On Thursday, Google DeepMind announced that AI systems called AlphaProof and AlphaGeometry 2 reportedly solved four out of six problems from this year’s International Mathematical Olympiad (IMO), achieving a score equivalent to a silver medal. The tech giant claims this marks the first time an AI has reached this level of performance in the prestigious math competition—but as usual in AI, the claims aren’t as clear-cut as they seem.
Google says AlphaProof uses reinforcement learning to prove mathematical statements in the formal language called Lean. The system trains itself by generating and verifying millions of proofs, progressively tackling more difficult problems. Meanwhile, AlphaGeometry 2 is described as an upgraded version of Google’s previous geometry-solving AI modeI, now powered by a Gemini-based language model trained on significantly more data.
According to Google, prominent mathematicians Sir Timothy Gowers and Dr. Joseph Myers scored the AI model’s solutions using official IMO rules. The company reports its combined system earned 28 out of 42 possible points, just shy of the 29-point gold medal threshold. This included a perfect score on the competition’s hardest problem, which Google claims only five human contestants solved this year.
A math contest unlike any other
The IMO, held annually since 1959, pits elite pre-college mathematicians against exceptionally difficult problems in algebra, combinatorics, geometry, and number theory. Performance on IMO problems has become a recognized benchmark for assessing an AI system’s mathematical reasoning capabilities.

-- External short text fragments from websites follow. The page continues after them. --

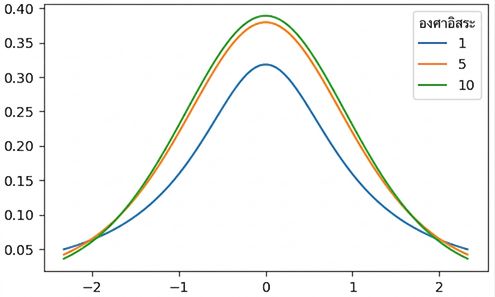 การแจกแจง t จำนวน 3 แบบ เมื่อ df = 1, df = 5 และ df = 10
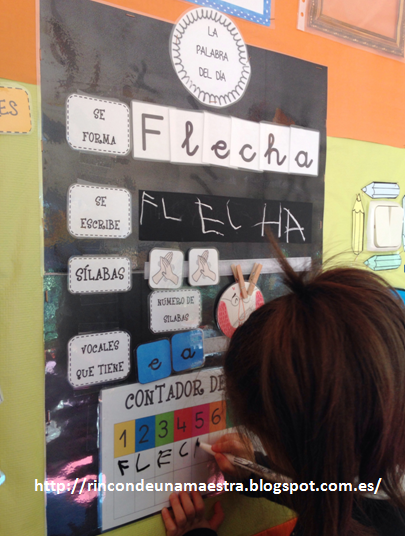 Rincón de una maestra La palabra del día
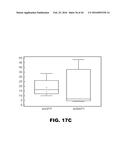 COMPOSITIONS AND METHODS FOR DETECTING CANCER METASTASIS diagram and image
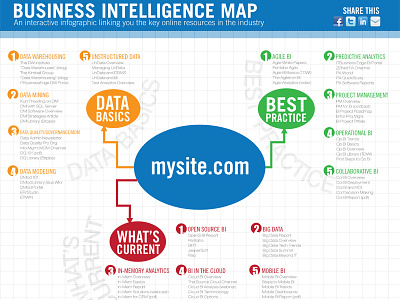 Business Intelligence Infographic v2 adobe creative suite business intelligence data design illustration illustrator infographic typography visualization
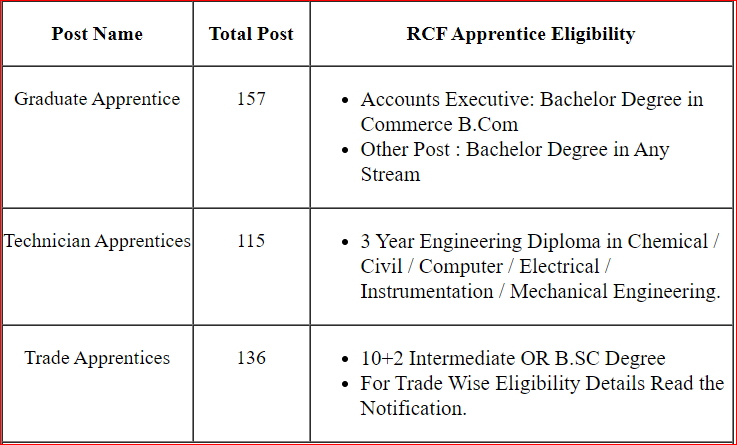 Rashtriya Chemicals and Fertilizers Limited RCF Graduate, Technician and Trade Apprentice Online Form 2023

Google states that AlphaProof solved two algebra problems and one number theory problem, while AlphaGeometry 2 tackled the geometry question. The AI model reportedly failed to solve the two combinatorics problems. The company claims its systems solved one problem within minutes, while others took up to three days.
Google says it first translated the IMO problems into formal mathematical language for its AI model to process. This step differs from the official competition, where human contestants work directly with the problem statements during two 4.5-hour sessions.